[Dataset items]
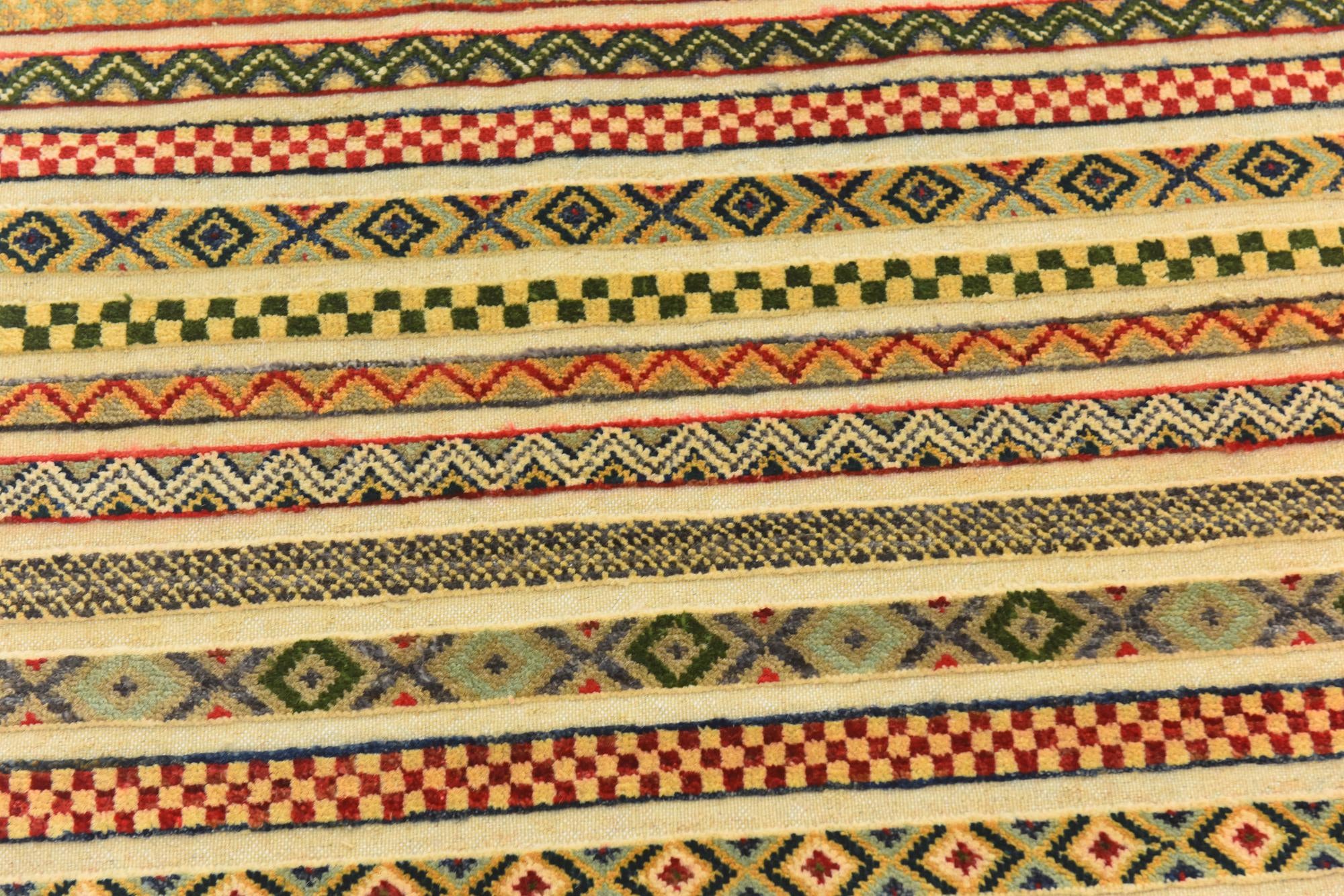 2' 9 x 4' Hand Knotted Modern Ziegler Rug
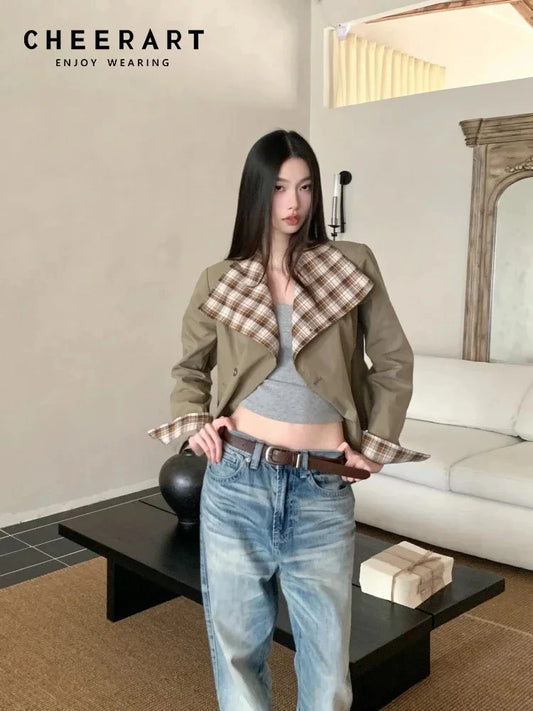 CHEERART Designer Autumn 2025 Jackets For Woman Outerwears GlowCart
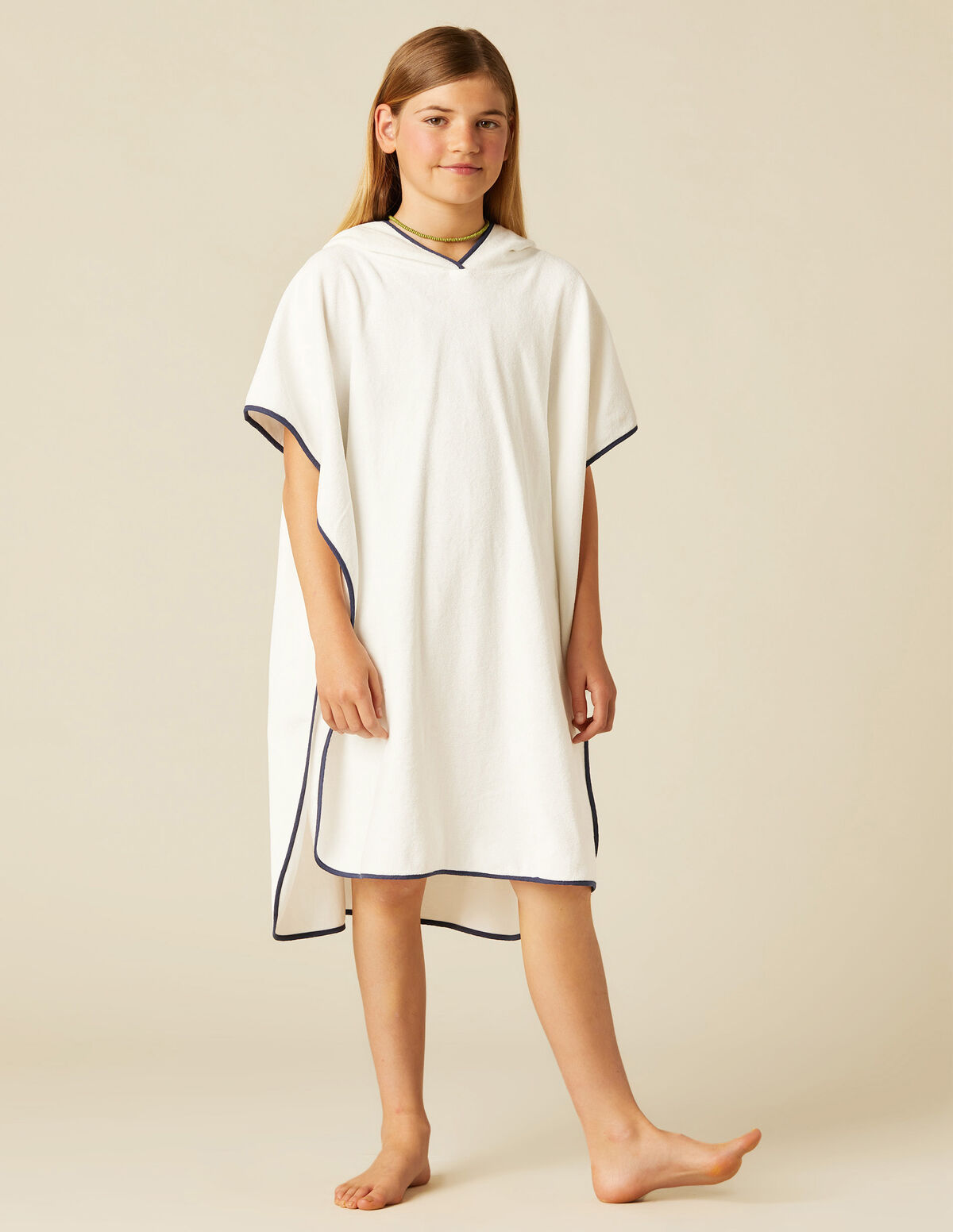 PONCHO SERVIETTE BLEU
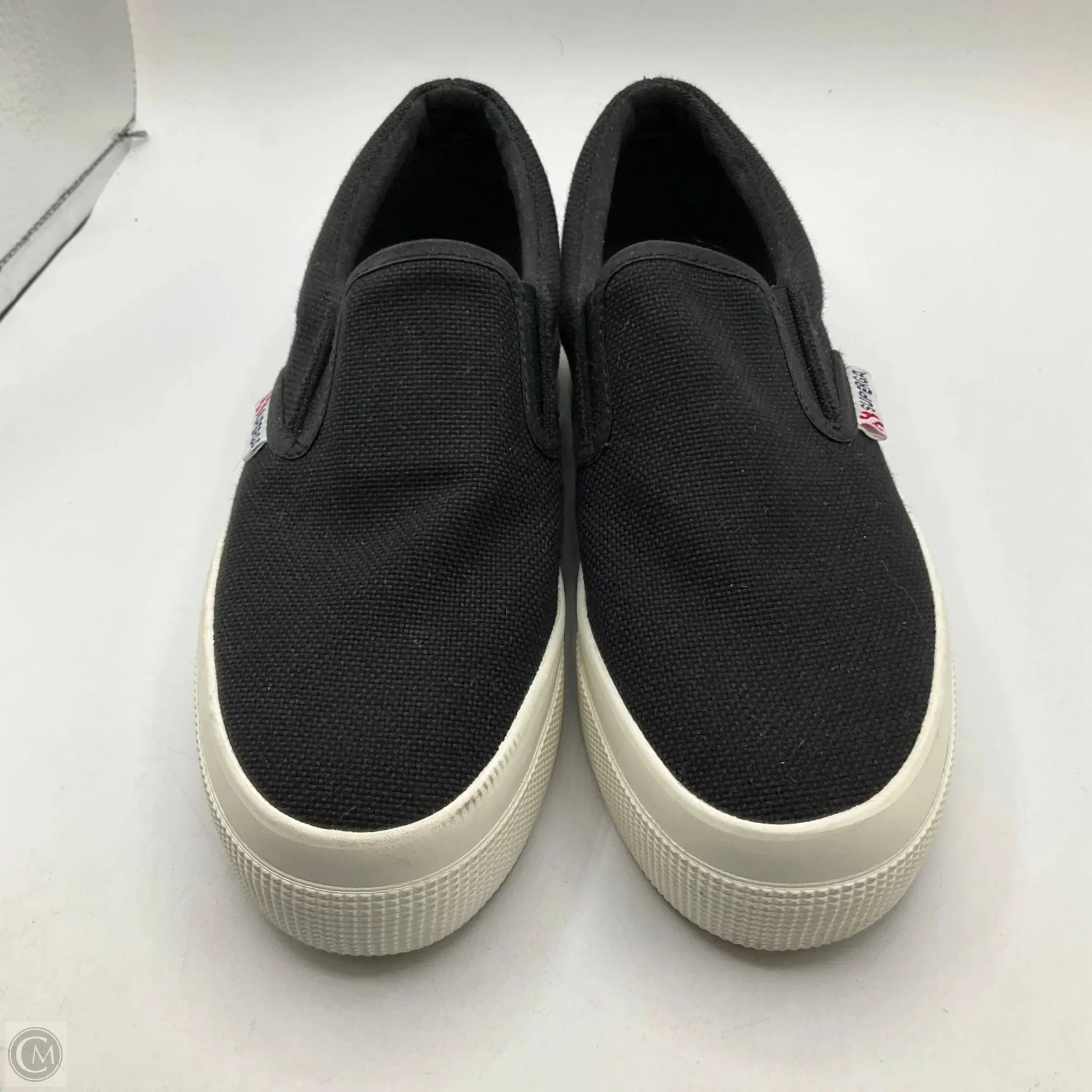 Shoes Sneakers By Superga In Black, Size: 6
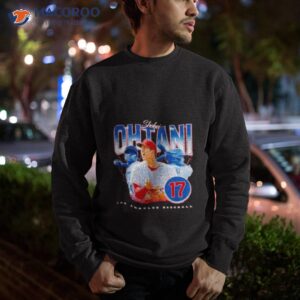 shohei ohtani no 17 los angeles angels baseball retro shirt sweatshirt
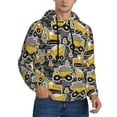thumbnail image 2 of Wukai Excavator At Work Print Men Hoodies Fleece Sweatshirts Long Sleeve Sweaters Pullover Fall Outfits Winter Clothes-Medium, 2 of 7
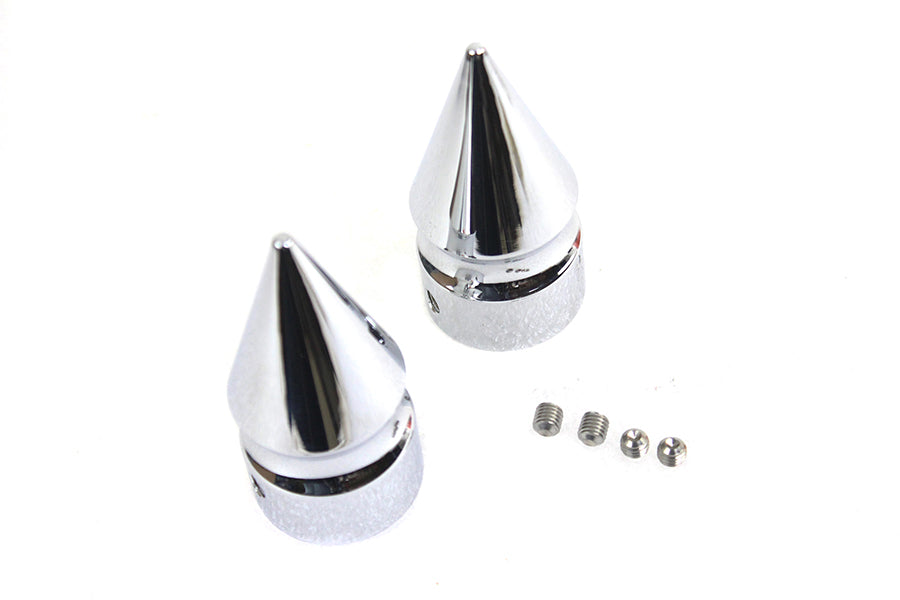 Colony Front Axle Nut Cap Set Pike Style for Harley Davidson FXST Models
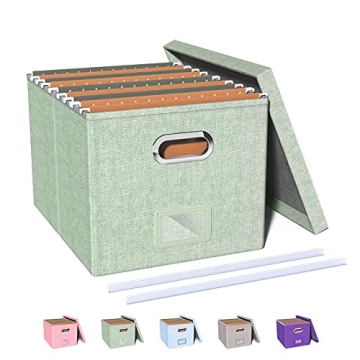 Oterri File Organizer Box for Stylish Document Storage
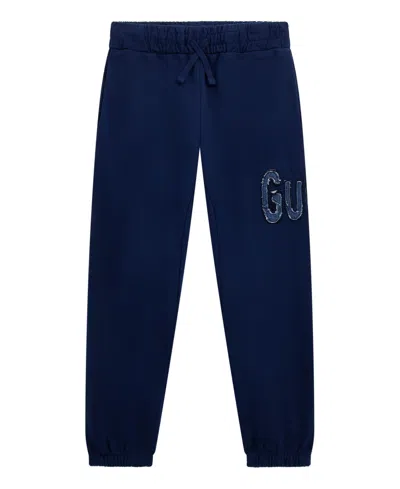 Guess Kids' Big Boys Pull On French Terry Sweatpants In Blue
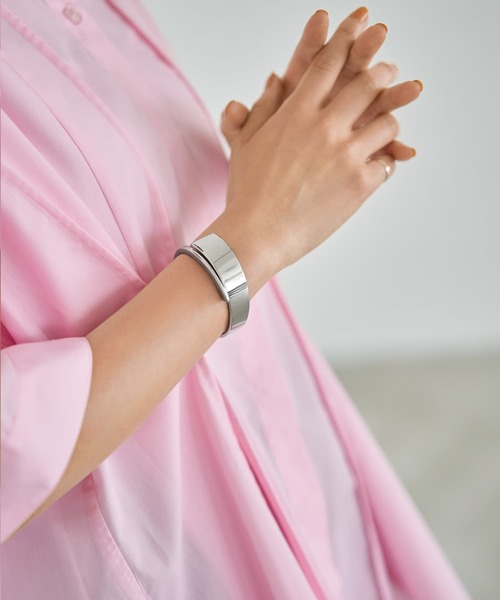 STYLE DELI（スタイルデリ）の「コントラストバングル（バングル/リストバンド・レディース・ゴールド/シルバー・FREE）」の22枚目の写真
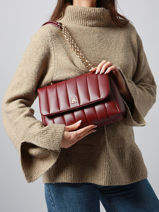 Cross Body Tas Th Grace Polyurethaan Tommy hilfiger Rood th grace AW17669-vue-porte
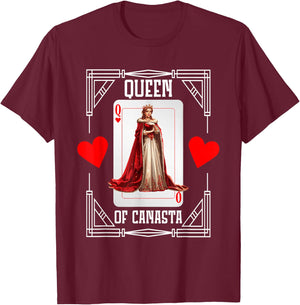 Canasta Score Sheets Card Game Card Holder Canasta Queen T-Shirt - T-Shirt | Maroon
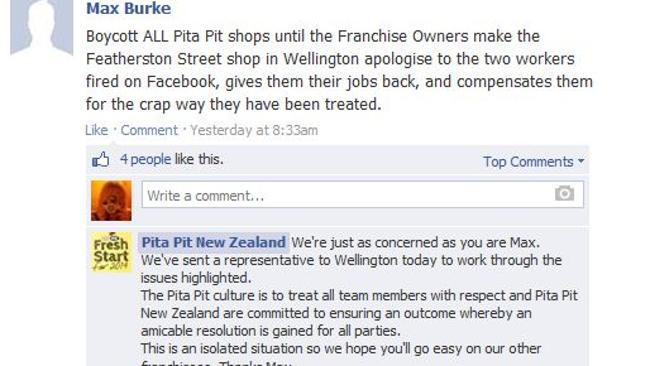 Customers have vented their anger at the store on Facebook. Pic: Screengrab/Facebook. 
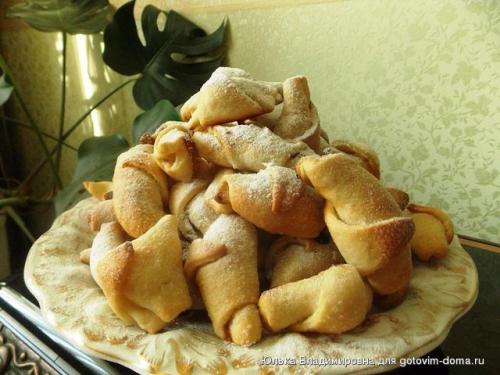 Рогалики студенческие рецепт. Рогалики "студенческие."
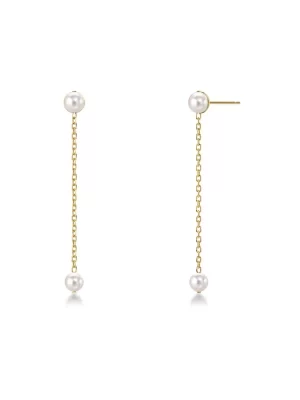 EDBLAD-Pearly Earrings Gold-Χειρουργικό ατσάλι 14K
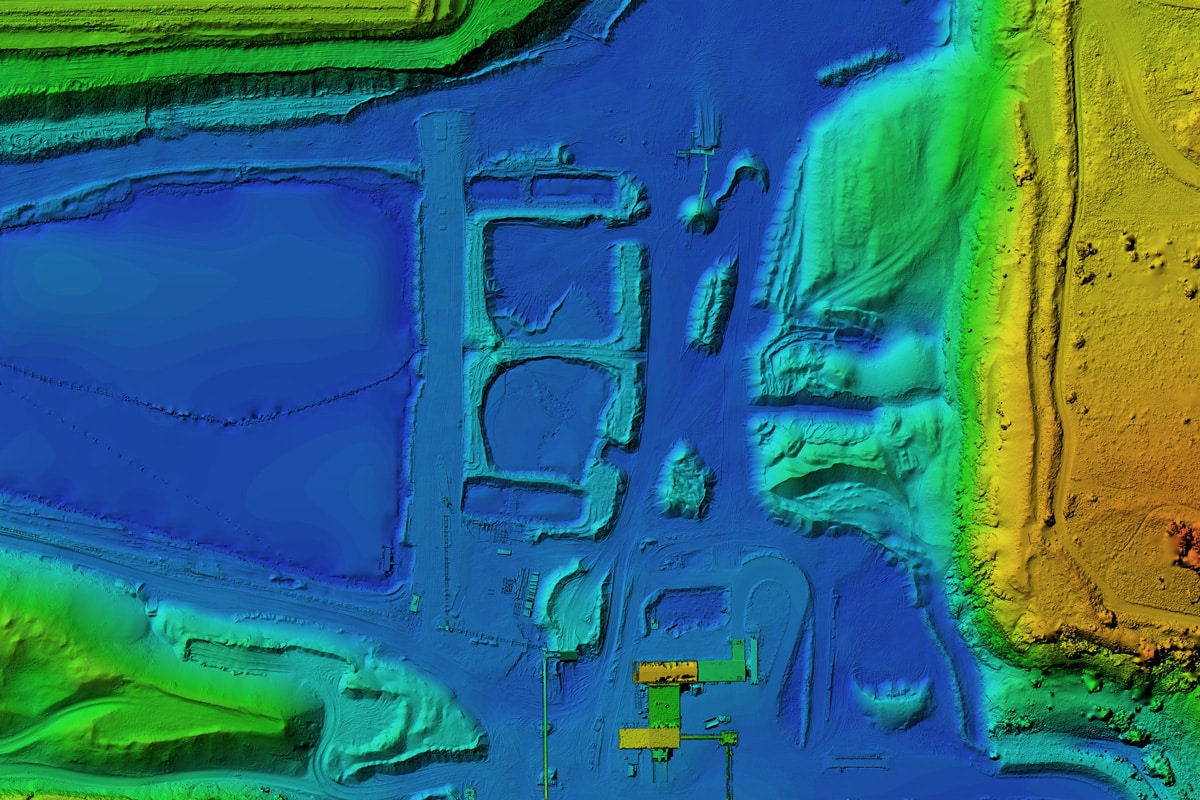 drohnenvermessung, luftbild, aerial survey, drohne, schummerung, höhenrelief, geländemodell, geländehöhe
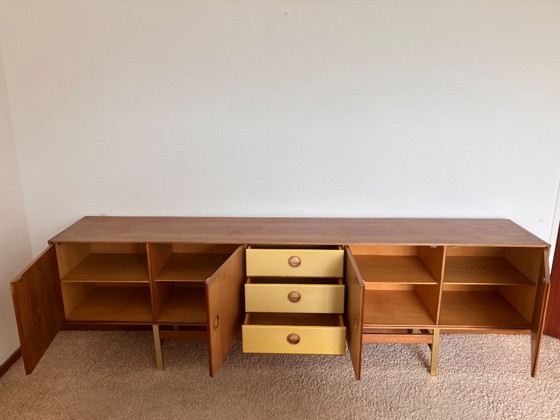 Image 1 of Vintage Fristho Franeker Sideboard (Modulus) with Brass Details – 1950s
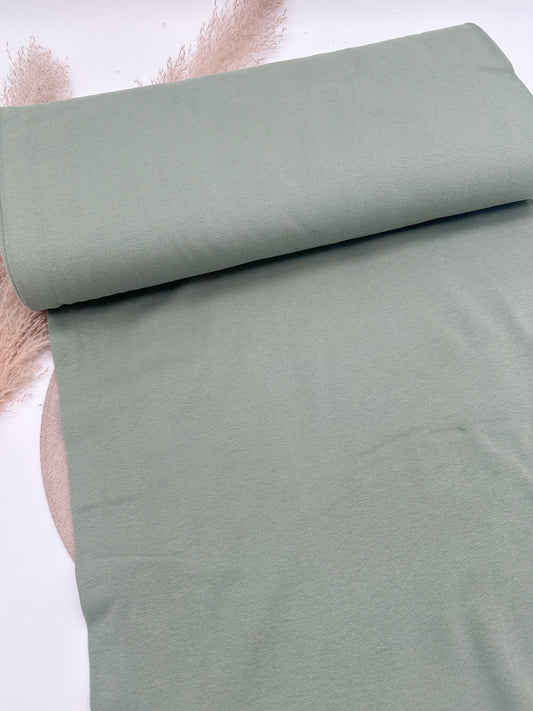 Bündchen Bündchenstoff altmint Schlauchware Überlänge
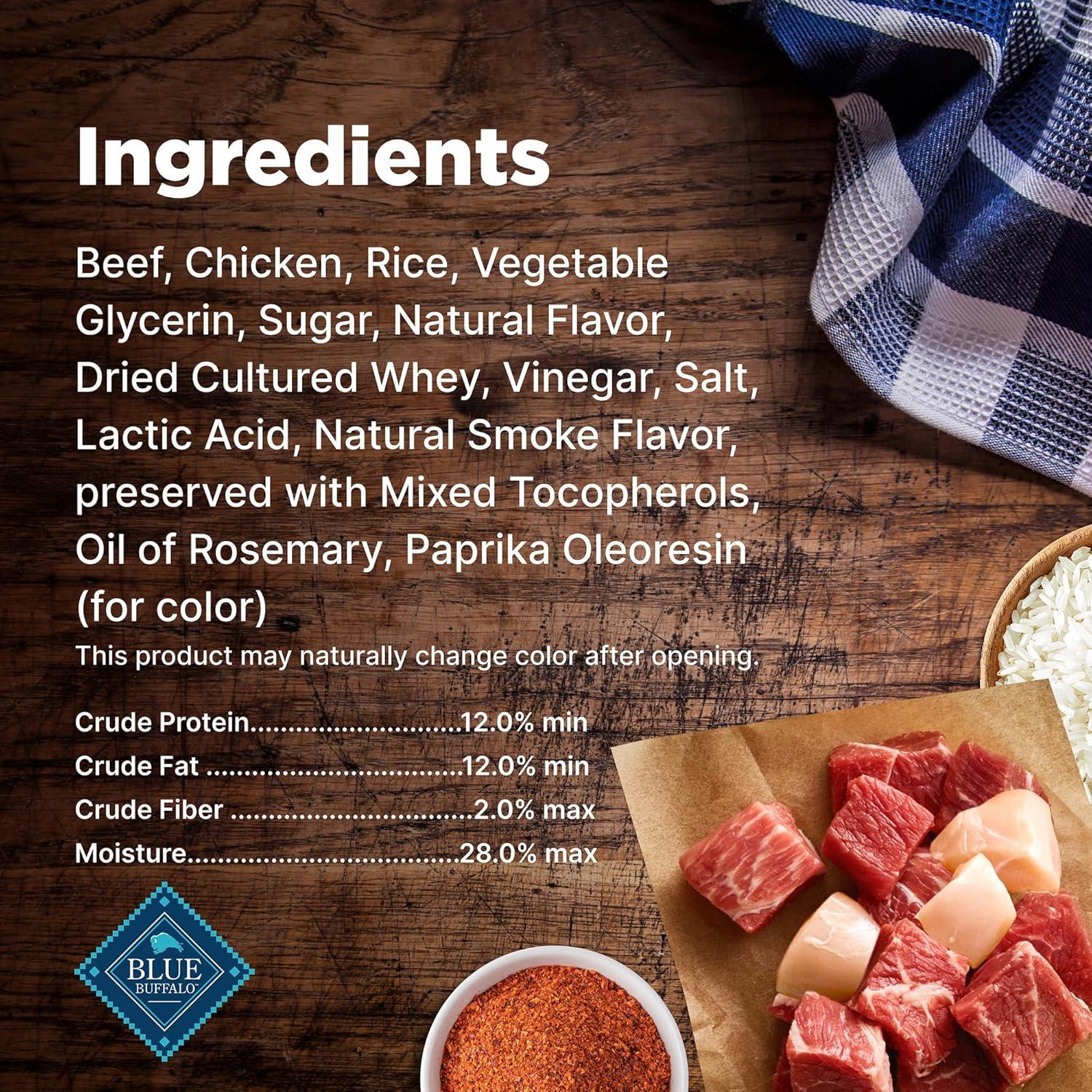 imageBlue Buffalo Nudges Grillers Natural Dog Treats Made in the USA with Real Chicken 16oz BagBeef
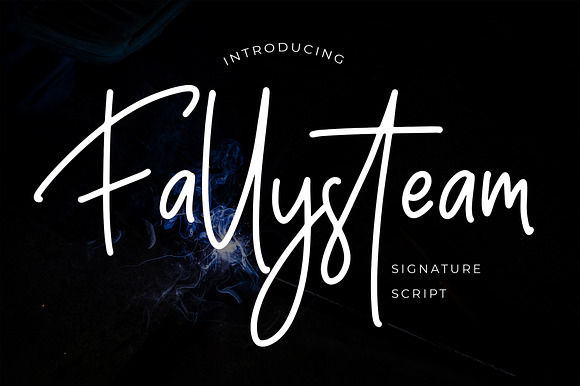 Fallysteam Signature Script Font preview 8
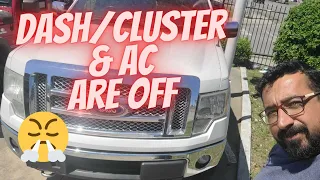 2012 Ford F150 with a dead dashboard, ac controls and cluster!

**Required action**: Once the line with "PONCHO SERVIETTE BLEU" is found above, print it and every line after it through the line with "Customers have vented", exactly. Pictures stay out.

**Output**:
 PONCHO SERVIETTE BLEU
 Shoes Sneakers By Superga In Black, Size: 6
 shohei ohtani no 17 los angeles angels baseball retro shirt sweatshirt
thumbnail image 2 of Wukai Excavator At Work Print Men Hoodies Fleece Sweatshirts Long Sleeve Sweaters Pullover Fall Outfits Winter Clothes-Medium, 2 of 7
 Colony Front Axle Nut Cap Set Pike Style for Harley Davidson FXST Models
 Oterri File Organizer Box for Stylish Document Storage
 Guess Kids' Big Boys Pull On French Terry Sweatpants In Blue
 STYLE DELI（スタイルデリ）の「コントラストバングル（バングル/リストバンド・レディース・ゴールド/シルバー・FREE）」の22枚目の写真
 Cross Body Tas Th Grace Polyurethaan Tommy hilfiger Rood th grace AW17669-vue-porte
 Canasta Score Sheets Card Game Card Holder Canasta Queen T-Shirt - T-Shirt | Maroon
 Customers have vented their anger at the store on Facebook. Pic: Screengrab/Facebook. 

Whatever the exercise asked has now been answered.